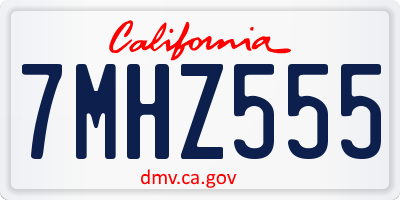 CA license plate 7MHZ555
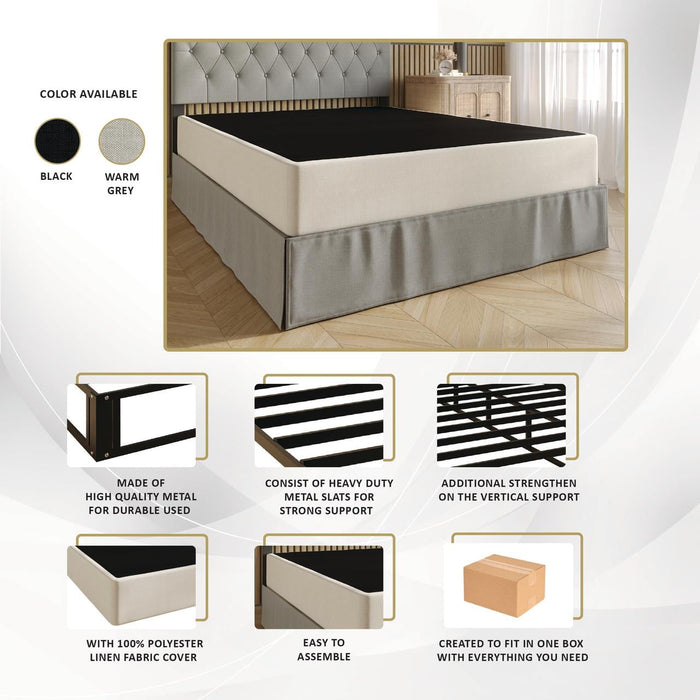 Castle Place 8" Full Metal Box Spring, Beige Linen - new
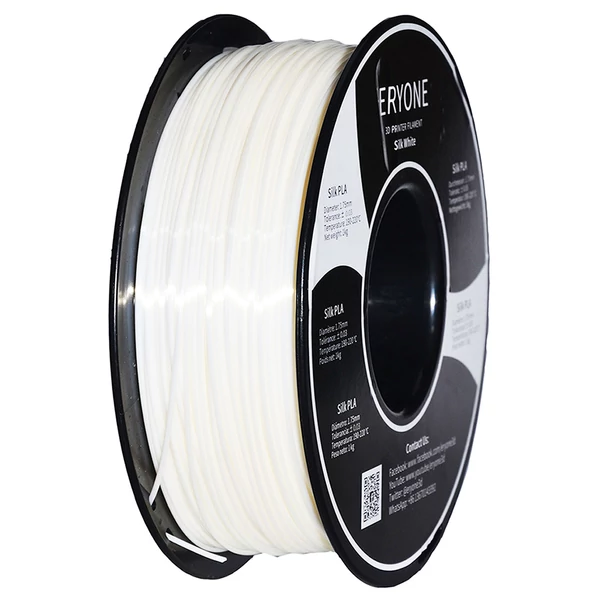 ERYONE Selyem PLA 3D nyomtató filament 1.75mm, 1kg, ±0.03mm pontosság - fehér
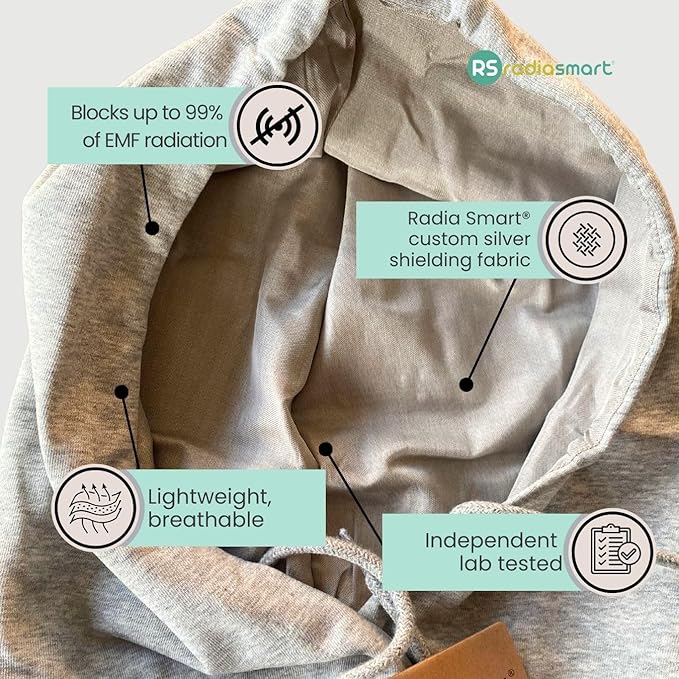 Radia Smart® EMF Protection Hood, Faraday Hat, 5G Blocking, RF Shielding, WiFi Shield, Brain Coat, Grey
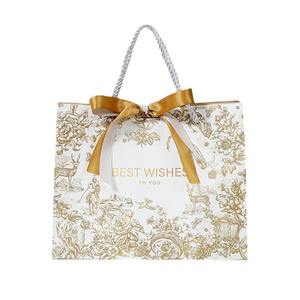 <span class=keywords><strong>Bolsa</strong></span> de Regalo al por Mayor para Pequeñas Empresas, con Lazo, Reutilizable, Reciclable, de Cartón Blanco CMYK, con Estampado Dorado en Caliente - Product Image 4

» **Task to carry out**: Would you set down the listing exactly, omitting pictures?

» **Output**:
 CA license plate 7MHZ555
 Castle Place 8" Full Metal Box Spring, Beige Linen - new
 ERYONE Selyem PLA 3D nyomtató filament 1.75mm, 1kg, ±0.03mm pontosság - fehér
 Radia Smart® EMF Protection Hood, Faraday Hat, 5G Blocking, RF Shielding, WiFi Shield, Brain Coat, Grey
 <span class=keywords><strong>Bolsa</strong></span> de Regalo al por Mayor para Pequeñas Empresas, con Lazo, Reutilizable, Reciclable, de Cartón Blanco CMYK, con Estampado Dorado en Caliente - Product Image 4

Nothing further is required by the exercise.